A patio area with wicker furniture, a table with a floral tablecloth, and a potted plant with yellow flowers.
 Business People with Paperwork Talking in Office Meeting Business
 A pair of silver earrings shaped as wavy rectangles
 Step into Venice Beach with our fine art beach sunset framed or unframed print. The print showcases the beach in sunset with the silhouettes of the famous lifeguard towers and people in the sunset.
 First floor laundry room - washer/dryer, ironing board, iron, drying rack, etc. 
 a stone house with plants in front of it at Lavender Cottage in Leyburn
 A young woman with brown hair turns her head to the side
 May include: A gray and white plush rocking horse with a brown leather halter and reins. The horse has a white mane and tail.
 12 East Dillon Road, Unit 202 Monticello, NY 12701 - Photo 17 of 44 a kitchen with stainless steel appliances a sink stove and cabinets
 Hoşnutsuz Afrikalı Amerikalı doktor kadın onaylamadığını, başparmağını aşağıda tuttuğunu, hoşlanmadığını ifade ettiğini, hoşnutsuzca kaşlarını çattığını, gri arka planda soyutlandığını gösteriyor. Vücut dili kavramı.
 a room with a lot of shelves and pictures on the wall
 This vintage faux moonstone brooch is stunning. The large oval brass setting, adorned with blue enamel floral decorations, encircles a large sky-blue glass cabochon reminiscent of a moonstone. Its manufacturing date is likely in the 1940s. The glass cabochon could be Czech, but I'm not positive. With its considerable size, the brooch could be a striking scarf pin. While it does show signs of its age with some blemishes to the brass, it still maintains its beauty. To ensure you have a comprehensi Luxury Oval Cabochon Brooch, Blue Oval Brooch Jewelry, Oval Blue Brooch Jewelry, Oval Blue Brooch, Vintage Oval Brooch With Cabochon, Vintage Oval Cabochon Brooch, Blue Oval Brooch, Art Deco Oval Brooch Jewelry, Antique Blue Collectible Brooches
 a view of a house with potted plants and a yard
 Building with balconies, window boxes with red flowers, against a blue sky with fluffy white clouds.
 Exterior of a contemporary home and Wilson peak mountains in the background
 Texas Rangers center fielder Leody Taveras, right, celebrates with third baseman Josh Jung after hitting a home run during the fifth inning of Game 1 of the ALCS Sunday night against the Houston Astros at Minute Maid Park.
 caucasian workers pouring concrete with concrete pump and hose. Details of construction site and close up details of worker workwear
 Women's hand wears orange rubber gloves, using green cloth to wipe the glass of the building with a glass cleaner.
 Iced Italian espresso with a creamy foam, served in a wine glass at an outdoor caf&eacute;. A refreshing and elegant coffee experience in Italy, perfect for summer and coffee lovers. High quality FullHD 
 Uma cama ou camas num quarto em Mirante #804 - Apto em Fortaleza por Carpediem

> _Your objective_
Go through the entries and restate each one exactly.

> _Response to the task_
A patio area with wicker furniture, a table with a floral tablecloth, and a potted plant with yellow flowers.
 Business People with Paperwork Talking in Office Meeting Business
 A pair of silver earrings shaped as wavy rectangles
 Step into Venice Beach with our fine art beach sunset framed or unframed print. The print showcases the beach in sunset with the silhouettes of the famous lifeguard towers and people in the sunset.
 First floor laundry room - washer/dryer, ironing board, iron, drying rack, etc. 
 a stone house with plants in front of it at Lavender Cottage in Leyburn
 A young woman with brown hair turns her head to the side
 May include: A gray and white plush rocking horse with a brown leather halter and reins. The horse has a white mane and tail.
 12 East Dillon Road, Unit 202 Monticello, NY 12701 - Photo 17 of 44 a kitchen with stainless steel appliances a sink stove and cabinets
 Hoşnutsuz Afrikalı Amerikalı doktor kadın onaylamadığını, başparmağını aşağıda tuttuğunu, hoşlanmadığını ifade ettiğini, hoşnutsuzca kaşlarını çattığını, gri arka planda soyutlandığını gösteriyor. Vücut dili kavramı.
 a room with a lot of shelves and pictures on the wall
 This vintage faux moonstone brooch is stunning. The large oval brass setting, adorned with blue enamel floral decorations, encircles a large sky-blue glass cabochon reminiscent of a moonstone. Its manufacturing date is likely in the 1940s. The glass cabochon could be Czech, but I'm not positive. With its considerable size, the brooch could be a striking scarf pin. While it does show signs of its age with some blemishes to the brass, it still maintains its beauty. To ensure you have a comprehensi Luxury Oval Cabochon Brooch, Blue Oval Brooch Jewelry, Oval Blue Brooch Jewelry, Oval Blue Brooch, Vintage Oval Brooch With Cabochon, Vintage Oval Cabochon Brooch, Blue Oval Brooch, Art Deco Oval Brooch Jewelry, Antique Blue Collectible Brooches
 a view of a house with potted plants and a yard
 Building with balconies, window boxes with red flowers, against a blue sky with fluffy white clouds.
 Exterior of a contemporary home and Wilson peak mountains in the background
 Texas Rangers center fielder Leody Taveras, right, celebrates with third baseman Josh Jung after hitting a home run during the fifth inning of Game 1 of the ALCS Sunday night against the Houston Astros at Minute Maid Park.
 caucasian workers pouring concrete with concrete pump and hose. Details of construction site and close up details of worker workwear
 Women's hand wears orange rubber gloves, using green cloth to wipe the glass of the building with a glass cleaner.
 Iced Italian espresso with a creamy foam, served in a wine glass at an outdoor caf&eacute;. A refreshing and elegant coffee experience in Italy, perfect for summer and coffee lovers. High quality FullHD 
 Uma cama ou camas num quarto em Mirante #804 - Apto em Fortaleza por Carpediem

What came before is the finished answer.